**Task statement**
Pick out every line in the data below that holds "Mini".

Records drawn from a dataset:

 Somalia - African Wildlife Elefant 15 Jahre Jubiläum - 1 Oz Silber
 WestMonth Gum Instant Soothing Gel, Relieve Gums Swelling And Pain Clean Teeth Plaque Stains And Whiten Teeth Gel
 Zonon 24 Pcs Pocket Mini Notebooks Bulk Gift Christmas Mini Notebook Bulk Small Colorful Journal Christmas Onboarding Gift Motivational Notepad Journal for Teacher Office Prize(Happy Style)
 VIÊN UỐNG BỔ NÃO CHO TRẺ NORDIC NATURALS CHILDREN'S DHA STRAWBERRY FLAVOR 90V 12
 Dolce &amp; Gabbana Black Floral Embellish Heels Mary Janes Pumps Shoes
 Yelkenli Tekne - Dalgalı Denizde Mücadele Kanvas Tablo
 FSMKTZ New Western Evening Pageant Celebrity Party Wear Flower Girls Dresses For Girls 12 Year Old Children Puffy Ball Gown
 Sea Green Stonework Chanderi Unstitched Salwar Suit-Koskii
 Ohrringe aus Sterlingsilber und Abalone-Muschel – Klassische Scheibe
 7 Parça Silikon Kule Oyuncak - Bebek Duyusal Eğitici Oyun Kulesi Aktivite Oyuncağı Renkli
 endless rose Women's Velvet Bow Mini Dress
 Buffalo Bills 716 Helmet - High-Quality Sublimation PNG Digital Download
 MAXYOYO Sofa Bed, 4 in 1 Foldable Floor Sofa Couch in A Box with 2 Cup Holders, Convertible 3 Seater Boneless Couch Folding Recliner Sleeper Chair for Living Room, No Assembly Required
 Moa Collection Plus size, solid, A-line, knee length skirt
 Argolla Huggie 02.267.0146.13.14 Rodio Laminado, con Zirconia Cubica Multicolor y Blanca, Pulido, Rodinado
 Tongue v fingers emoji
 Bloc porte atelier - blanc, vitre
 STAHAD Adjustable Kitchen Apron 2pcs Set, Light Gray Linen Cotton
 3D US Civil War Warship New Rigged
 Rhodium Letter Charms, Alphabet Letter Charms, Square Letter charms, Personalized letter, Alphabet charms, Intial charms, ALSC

**Output**
 Zonon 24 Pcs Pocket Mini Notebooks Bulk Gift Christmas Mini Notebook Bulk Small Colorful Journal Christmas Onboarding Gift Motivational Notepad Journal for Teacher Office Prize(Happy Style)
 endless rose Women's Velvet Bow Mini Dress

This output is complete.